Sebagai solusi, Jamhari mengusulkan pendekatan rantai pendek (short supply chain) yang memungkinkan petani menjual langsung ke konsumen akhir, pasar lelang, koperasi, atau mitra dagang tanpa melalui terlalu banyak perantara. Model seperti ini terbukti secara empiris mampu meningkatkan pendapatan petani hingga 60–80 persen dari harga konsumen, menurunkan food loss, serta mempercepat distribusi produk segar ke pasar. “Rantai pendek bukan hanya efisien secara ekonomi, tapi juga berdampak positif secara sosial dan lingkungan. Jejak karbon lebih rendah, kualitas produk lebih terjaga, dan relasi antara petani dan konsumen bisa terbangun dengan lebih manusiawi,” ujar Jamhari.
Contoh konkret dari pendekatan ini adalah keberhasilan pasar lelang cabai di Kabupaten Sleman. Berdasarkan riset yang ia lakukan bersama tim, pasar lelang daring tersebut mampu berperan sebagai penentu harga (price setter) bagi pasar-pasar lain di wilayah DI Yogyakarta. Bahkan 5–13% variasi harga cabai di pasar-pasar lokal Yogyakarta mengikuti harga yang terbentuk di pasar lelang Sleman. Pasar lelang Sleman terbukti tidak hanya menstabilkan harga, tetapi juga meningkatkan transparansi dan posisi tawar petani hingga Farmer’s share bisa mencapai lebih dari 70 persen.
Di sisi lain, Jamhari juga menyoroti pentingnya pemanfaatan teknologi digital dalam menjawab tantangan pemasaran hasil pertanian. Menurutnya, platform e-commerce, aplikasi pemasaran berbasis blockchain, hingga analisis big data untuk prediksi tren pasar menjadi keniscayaan dalam menghadapi era agrikultur 4.0. “Pemasaran pertanian masa depan tidak bisa dilepaskan dari teknologi. Mulai dari traceability produk, sistem pembayaran digital, pengemasan pintar, hingga pemanfaatan media sosial untuk branding dan storytelling produk pertanian lokal,” paparnya.
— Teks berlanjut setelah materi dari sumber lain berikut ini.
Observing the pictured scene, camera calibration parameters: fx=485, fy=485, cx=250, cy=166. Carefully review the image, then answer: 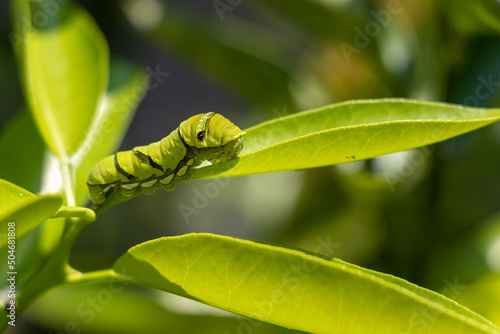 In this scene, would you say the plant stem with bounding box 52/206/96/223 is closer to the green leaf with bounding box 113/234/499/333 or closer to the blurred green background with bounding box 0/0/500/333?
the green leaf with bounding box 113/234/499/333

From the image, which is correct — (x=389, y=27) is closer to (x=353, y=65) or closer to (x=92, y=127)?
(x=353, y=65)

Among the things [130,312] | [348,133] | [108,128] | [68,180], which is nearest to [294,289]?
[348,133]

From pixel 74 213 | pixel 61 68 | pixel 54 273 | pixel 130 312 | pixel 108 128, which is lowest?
pixel 130 312

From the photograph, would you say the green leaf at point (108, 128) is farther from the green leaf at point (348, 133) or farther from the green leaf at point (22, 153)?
the green leaf at point (348, 133)

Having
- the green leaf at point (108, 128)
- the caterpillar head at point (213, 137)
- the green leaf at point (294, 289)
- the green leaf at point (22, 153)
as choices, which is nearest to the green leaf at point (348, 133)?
the caterpillar head at point (213, 137)

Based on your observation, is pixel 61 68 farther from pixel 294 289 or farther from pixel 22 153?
pixel 294 289

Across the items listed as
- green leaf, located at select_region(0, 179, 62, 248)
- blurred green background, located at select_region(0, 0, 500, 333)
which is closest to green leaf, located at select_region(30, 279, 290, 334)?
blurred green background, located at select_region(0, 0, 500, 333)

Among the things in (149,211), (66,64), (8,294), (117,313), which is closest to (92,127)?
(66,64) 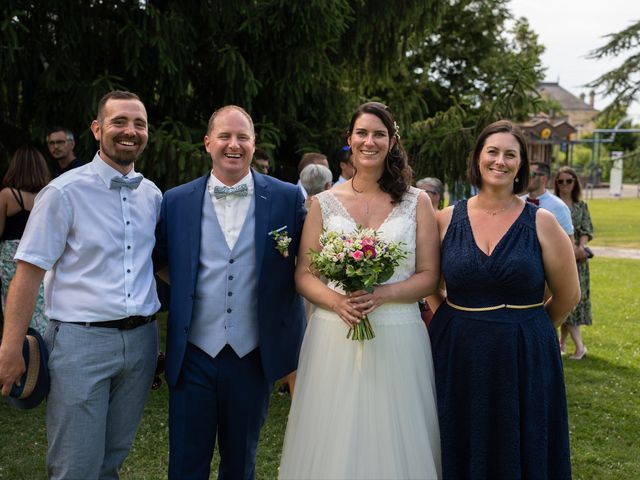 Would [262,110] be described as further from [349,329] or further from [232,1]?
[349,329]

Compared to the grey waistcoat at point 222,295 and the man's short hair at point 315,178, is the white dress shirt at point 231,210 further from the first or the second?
the man's short hair at point 315,178

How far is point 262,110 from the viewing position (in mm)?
9578

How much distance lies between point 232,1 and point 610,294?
990 cm

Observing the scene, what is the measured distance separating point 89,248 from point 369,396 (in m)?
1.76

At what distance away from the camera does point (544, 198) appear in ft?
24.8

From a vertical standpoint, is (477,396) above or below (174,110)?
below

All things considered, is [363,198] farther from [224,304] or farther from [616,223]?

Namun, ia juga mengingatkan bahwa transformasi digital ini hanya akan berdampak jika disertai dengan literasi digital yang memadai di kalangan petani. Oleh karena itu, pelatihan dan pendampingan menjadi syarat mutlak. Koperasi, perguruan tinggi, pemerintah, dan startup perlu membangun ekosistem pelatihan yang inklusif agar petani tidak tertinggal dalam arus digitalisasi pasar. Selain itu, amalgamasi kelembagaan seperti KUD korporasi dan penguatan Gapoktan sebagai lembaga ekonomi baru petani juga menjadi langkah strategis untuk memperbesar skala usaha dan meningkatkan efisiensi. “Kita perlu membangun ekosistem pemasaran inklusif yang memberdayakan petani, mendorong riset terapan berbasis teknologi, dan memperkuat kolaborasi pentahelix agar petani bisa naik kelas menjadi pelaku pasar yang sejahtera,” pungkasnya.
Ketua Majelis Dewan Guru Besar UGM, Prof. Dr. M. Baiquni, M.A., menyampaikan bahwa dengan pengukuhan ini, Prof. Jamhari menjadi bagian dari 528 Guru Besar aktif Universitas Gadjah Mada, sekaligus memperkuat barisan 62 Guru Besar aktif yang dimiliki oleh Fakultas Pertanian UGM. Capaian ini tidak hanya memperkuat posisi UGM sebagai pusat keunggulan akademik di bidang pertanian, tetapi juga menjadi bagian dari warisan keilmuan yang terus tumbuh, menyemai pemikiran dan pengabdian bagi kemajuan bangsa.